Wir starten unsere Wanderung gegen 10.10 Uhr und laufen zunächst an der Bahn entlang nach Stottoff, dem ältesten Stadtteil von Lübbenau. Ursprünglich eine kleine slawische Siedlung, wobei jedes Haus einen Steg an der Stottoffer Kahnfahrt hatte, ist Stottoff heute ein interessanter Stadtteil. Die Stottoffer Kahnfahrt wurde 1934 zugeschüttet.
Wir wandern weiter durch Kamske am gleichnamigen Fließ entlang und auf dem Deich folgen wir dem Barbaragraben. An der Zerkwitzer Kahnfahrt machen wir eine kleine Pause. Dort wo der Barbaragraben in die Spree fließt, überqueren wir diese und es geht weiter zum Barzlin.

Barbaragraben (Foto: ©Heiner Majewski)
Das war ehemals ein Sandhügel, auf dem sich einst eine kleine Slawensiedlung befand. Der Sandhügel wurde 1934 abgetragen, um die ausgetrocknete Stottoffer Kahnfahrt zuzuschütten. 1990 hatte man hier Fichten angepflanzt. Zehn Jahre später war der größte Teil der Bäume eingegangen. Heute ist das Gebiet sich selbst überlassen und dient Forschungszwecken.
Wir folgen nun auf Deichwegen dem Großen Fließ, mal nördlich und nach der Überquerung am Südufer. Leider sind hier die Wege meist mit Betonplatten befestigt, was bei Wanderungen immer etwas anstrengend ist. Am Wehrkanal wenden wir uns nach Süden und betreten kurze Zeit später die Wotschofska (zu gut deutsch Inselchen).

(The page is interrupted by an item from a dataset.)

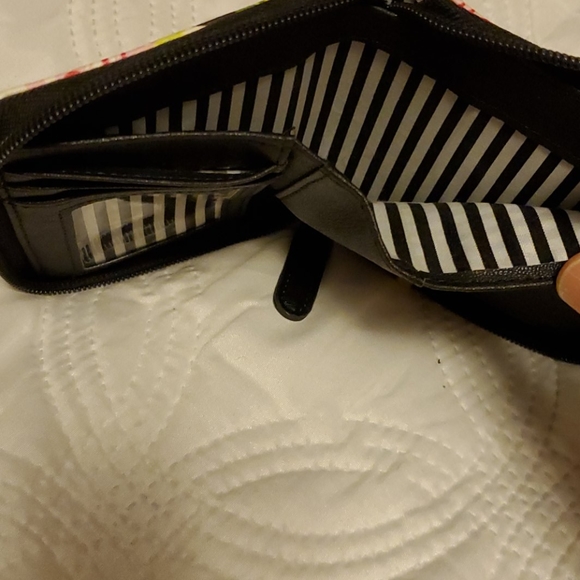 Wallet - Picture 3 of 3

Gruppenfoto in Wotschofska (Foto: ©Heiner Majewski)
Tatsächlich ist Wotschofska eine erlenbewachsene Insel, die einst nur mit dem Kahn erreichbar war. Seit 1894 steht dort eines der ältesten Traditionsgasthäuser, das inzwischen auch zu Fuß und mit dem Rad zu erreichen ist. Hier machen wir eine Stunde Pause, um das Angebot des Gasthauses zu genießen. Wotschofska ist voll auf die Touristenmassen eingestellt, die zu Fuß, per Rad und mit Spreewaldkähnen hier ankommen. Unzählige Bedienstete eilen zwischen den Tischen hin und her. Innerhalb kürzester Zeit stand unser bestelltes Essen auf dem Tisch.
Am Rollkanal entlang verlassen wir die Insel und folgen dann der Kleinen Kossa, überqueren Klein Japan und Groß Japan, zwei kleine Fließe, und erreichen das ehemalige Freibad von Lübbenau, das 1928 eingeweiht und bis 1960 genutzt wurde.

Brücke über den Rollkanal (Foto: ©Heiner Majewski)
An der Spree entlang erreichen wir kurz danach den Kleinen Kahnhafen von Lübbenau. Hier verabschieden sich die meisten der Mitwanderer, um den nächsten Zug zu schaffen. Zu fünft laufen wir gemächlich weiter zum Markt, wo wir zu dritt ins Café Zeitlos einkehren. Anschließend drehen wir noch eine Runde durch den Schloßpark, bevor wir zum Bahnhof laufen, den wir gegen 17.25 Uhr erreichen. Gegen 17.30 Uhr bringt uns der RE2 wieder zurück nach Berlin.
Es war eine schöne Wanderung bei herrlichstem Sonnenschein. Die teilweise recht langen Betonwege haben der guten Laune keinen Abbruch getan.